Dataset content
##############################
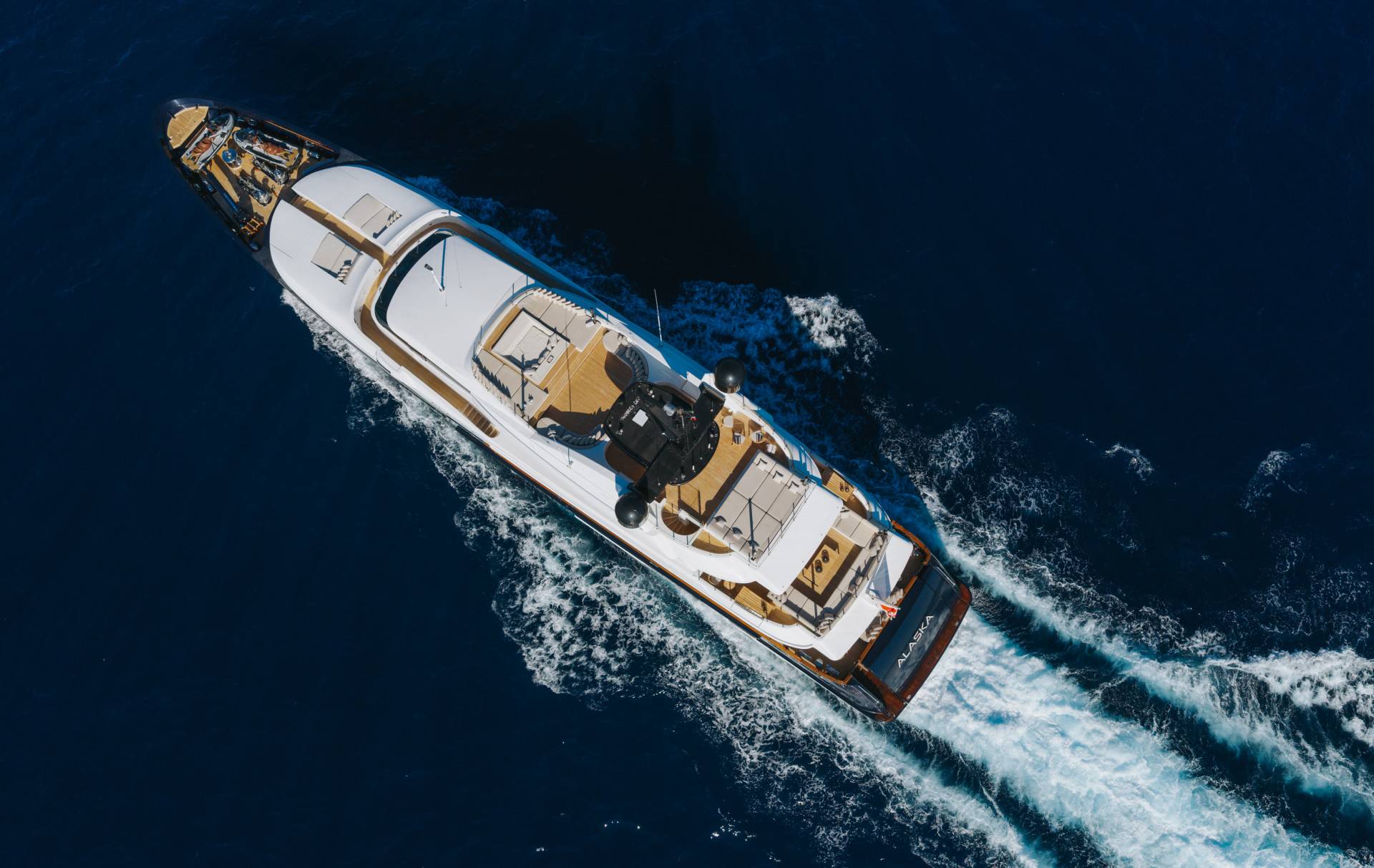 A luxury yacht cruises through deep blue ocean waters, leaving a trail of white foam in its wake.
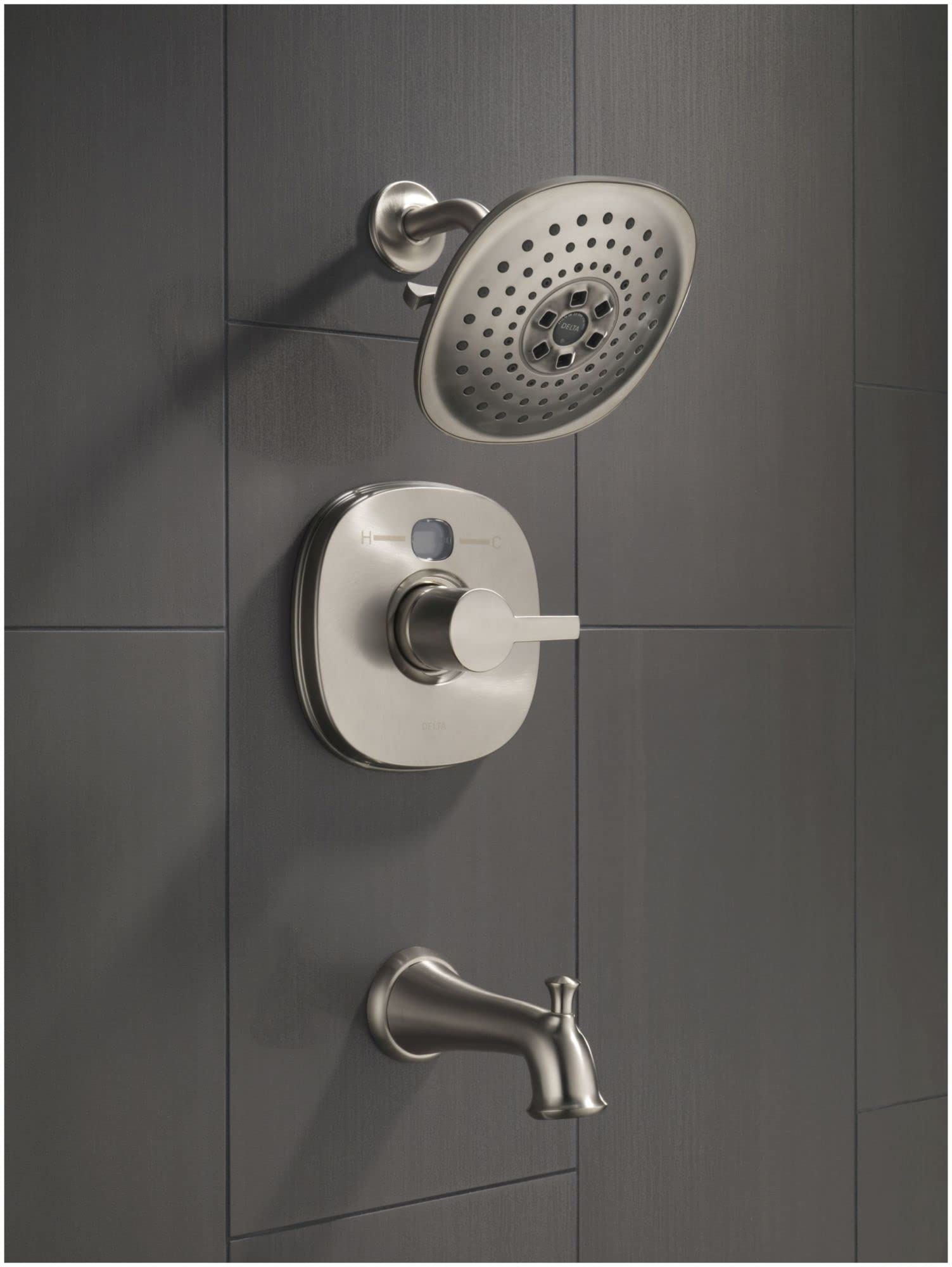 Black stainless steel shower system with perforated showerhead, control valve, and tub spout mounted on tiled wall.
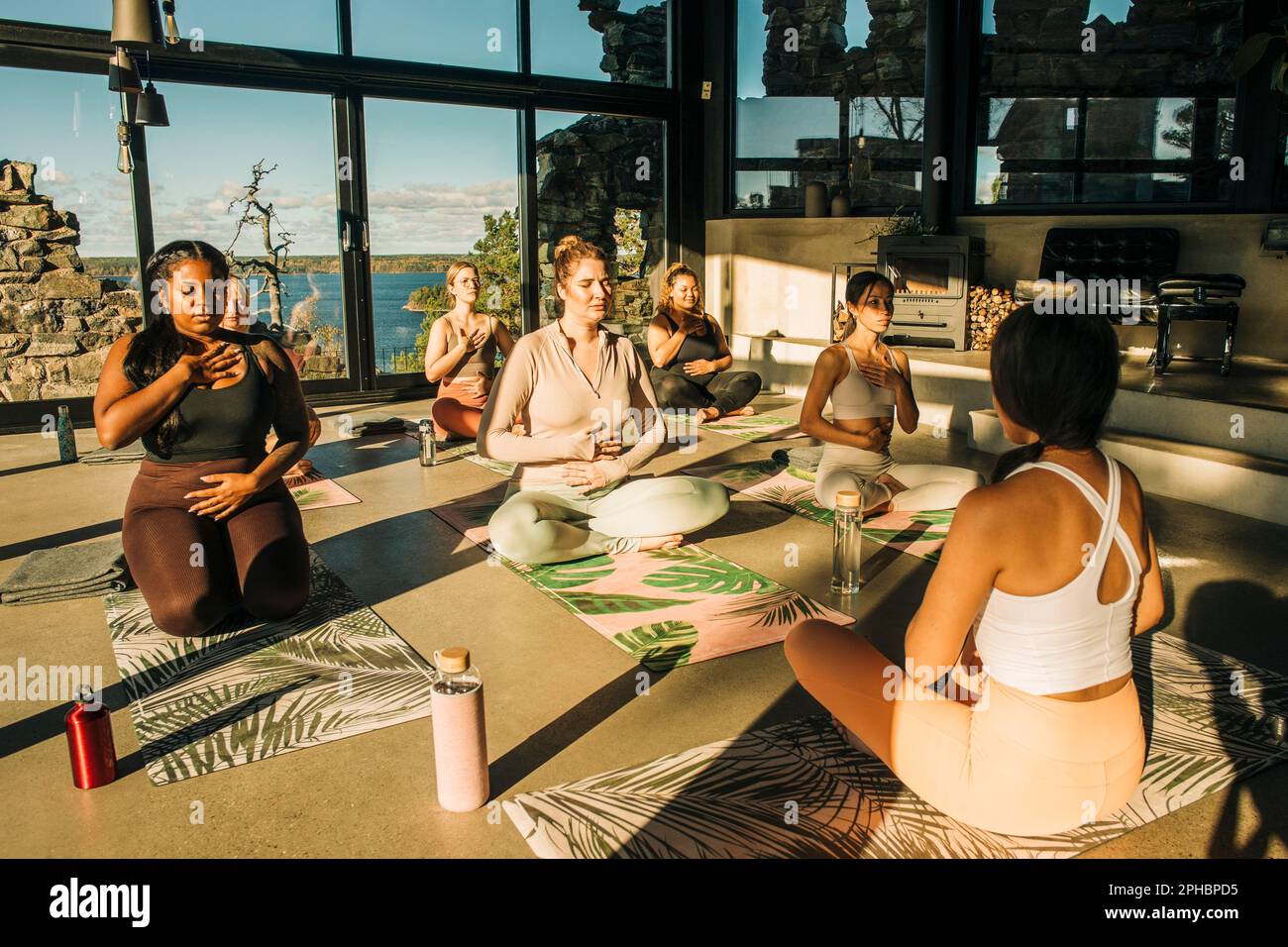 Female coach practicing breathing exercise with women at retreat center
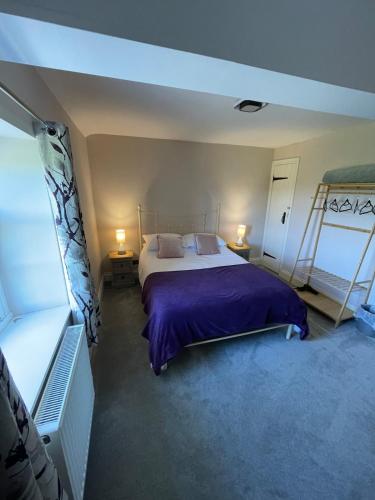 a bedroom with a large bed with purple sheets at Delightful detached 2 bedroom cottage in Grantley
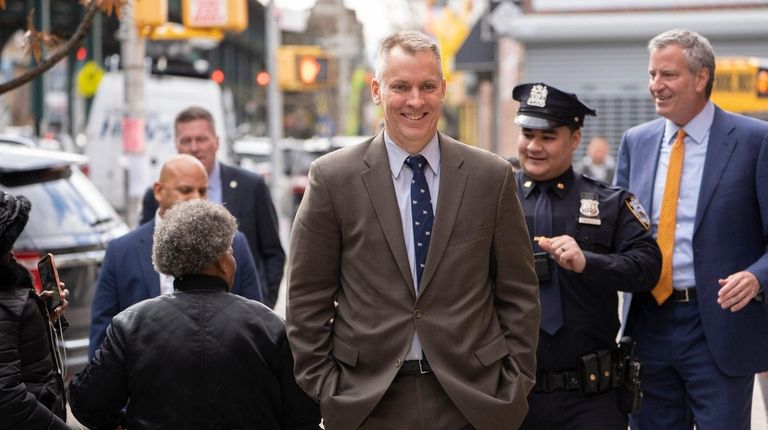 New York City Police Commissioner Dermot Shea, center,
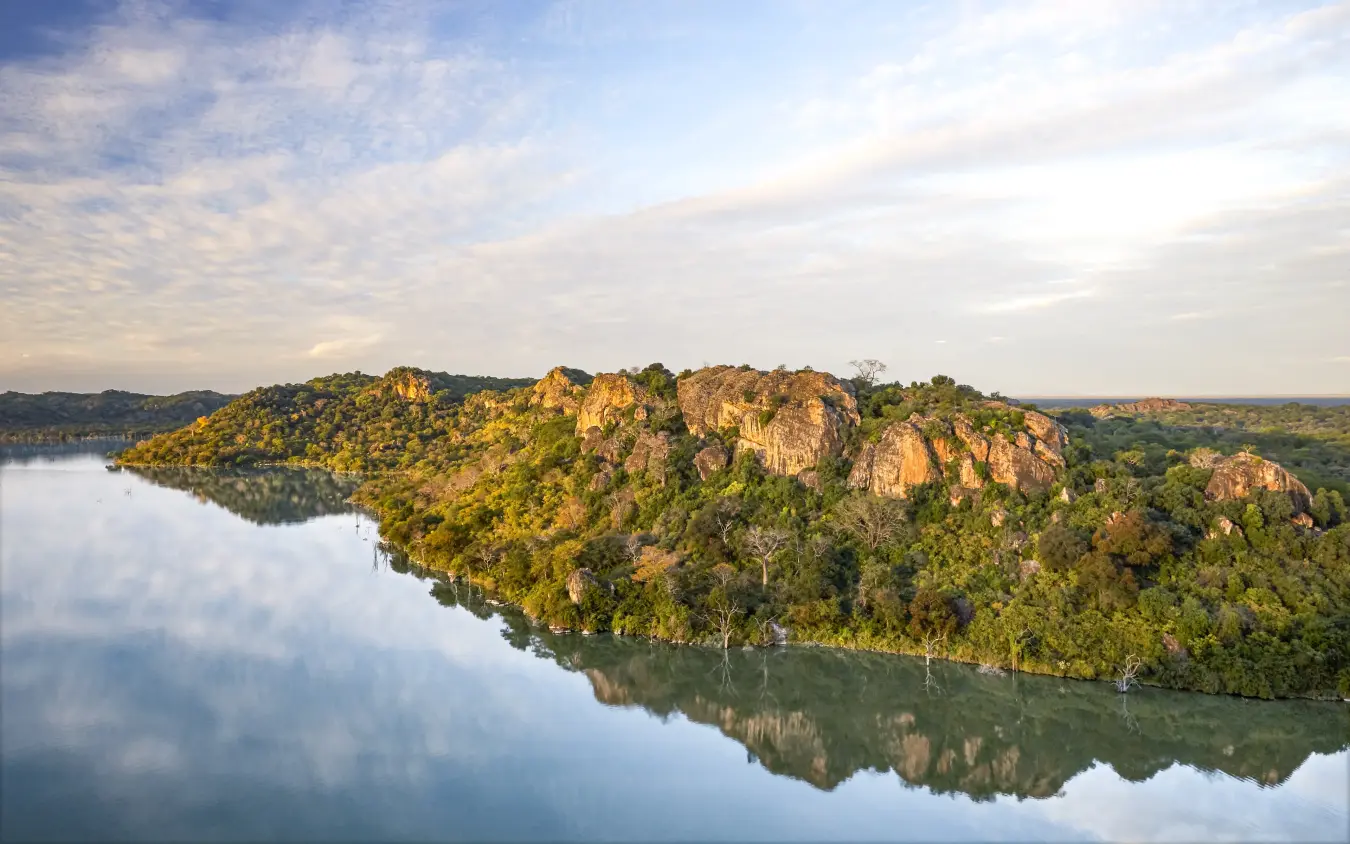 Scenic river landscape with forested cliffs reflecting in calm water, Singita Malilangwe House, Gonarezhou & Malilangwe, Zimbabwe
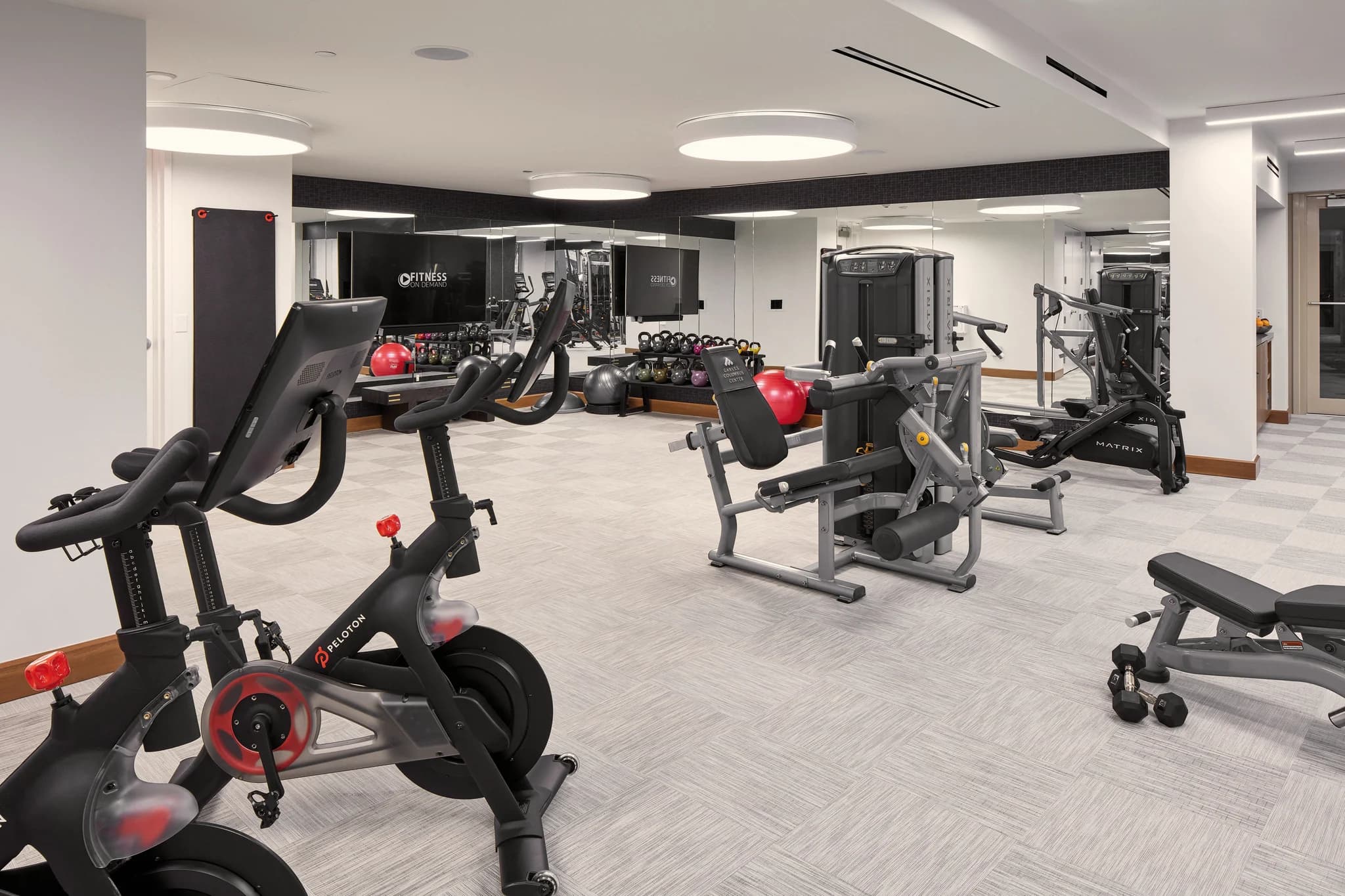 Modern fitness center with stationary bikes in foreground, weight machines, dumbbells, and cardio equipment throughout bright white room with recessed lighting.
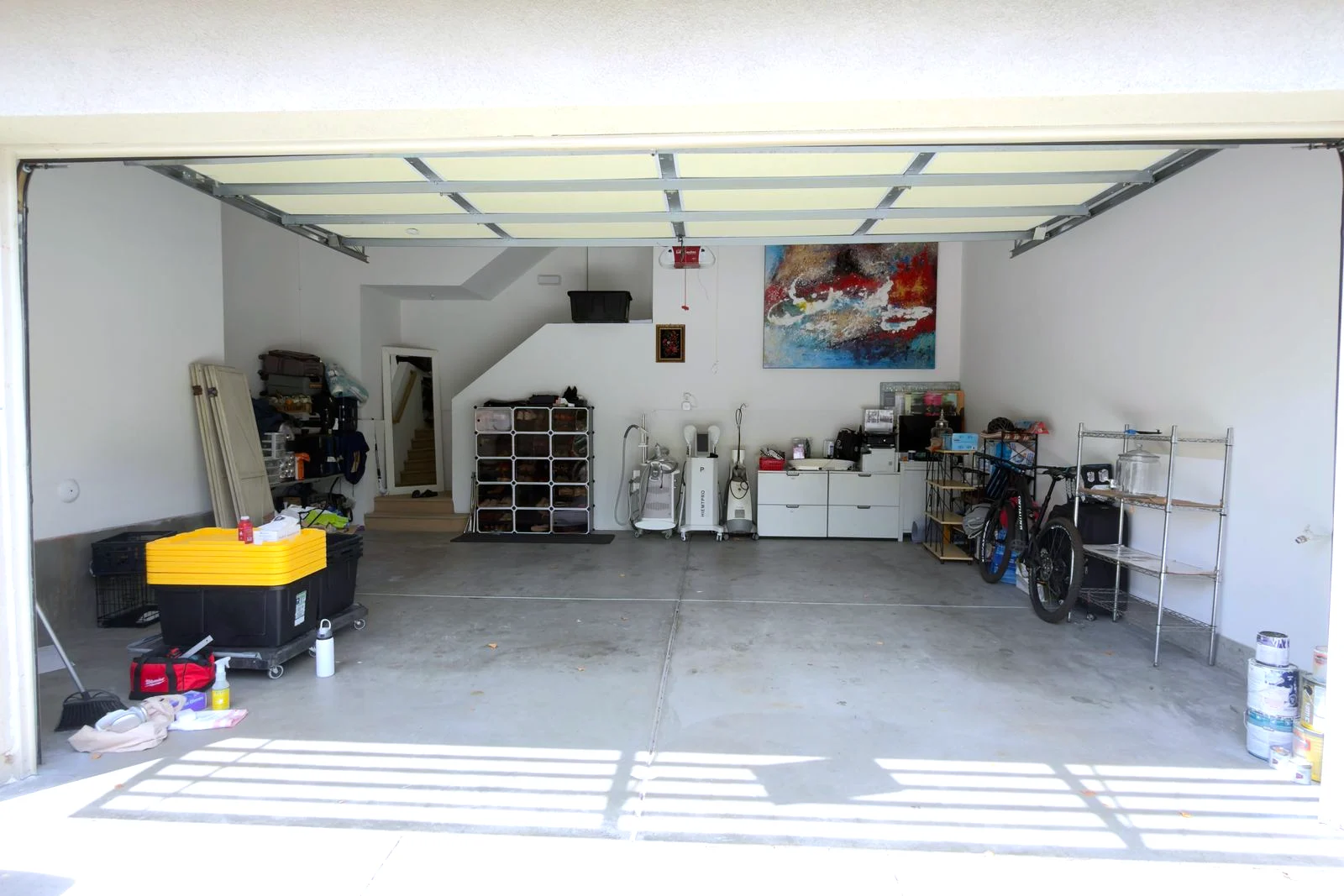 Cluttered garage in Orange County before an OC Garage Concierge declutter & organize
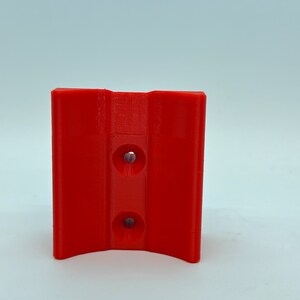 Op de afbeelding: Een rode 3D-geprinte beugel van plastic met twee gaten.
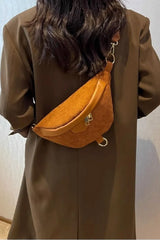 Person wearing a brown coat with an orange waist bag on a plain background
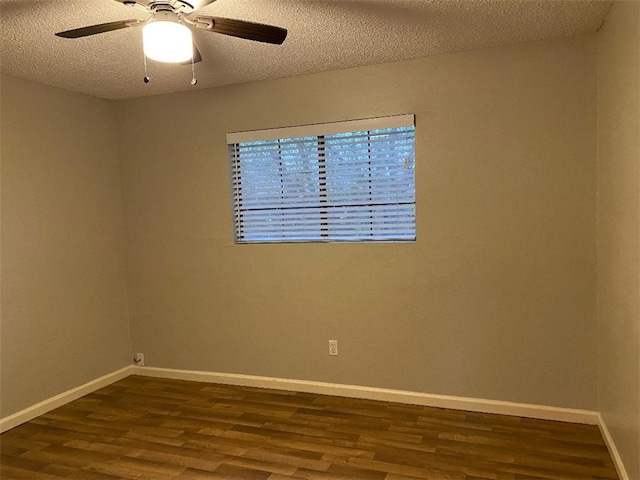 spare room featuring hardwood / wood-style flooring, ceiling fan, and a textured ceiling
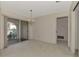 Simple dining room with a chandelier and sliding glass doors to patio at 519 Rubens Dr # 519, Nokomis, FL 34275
##############################
Task instructions
Leave out all images, then reproduce the entries above exactly.

Output of the task
 A luxury yacht cruises through deep blue ocean waters, leaving a trail of white foam in its wake.
 Black stainless steel shower system with perforated showerhead, control valve, and tub spout mounted on tiled wall.
 Female coach practicing breathing exercise with women at retreat center
 a bedroom with a large bed with purple sheets at Delightful detached 2 bedroom cottage in Grantley
 New York City Police Commissioner Dermot Shea, center,
 Scenic river landscape with forested cliffs reflecting in calm water, Singita Malilangwe House, Gonarezhou & Malilangwe, Zimbabwe
 Modern fitness center with stationary bikes in foreground, weight machines, dumbbells, and cardio equipment throughout bright white room with recessed lighting.
 Cluttered garage in Orange County before an OC Garage Concierge declutter & organize
 Op de afbeelding: Een rode 3D-geprinte beugel van plastic met twee gaten.
 Person wearing a brown coat with an orange waist bag on a plain background
 spare room featuring hardwood / wood-style flooring, ceiling fan, and a textured ceiling
 Simple dining room with a chandelier and sliding glass doors to patio at 519 Rubens Dr # 519, Nokomis, FL 34275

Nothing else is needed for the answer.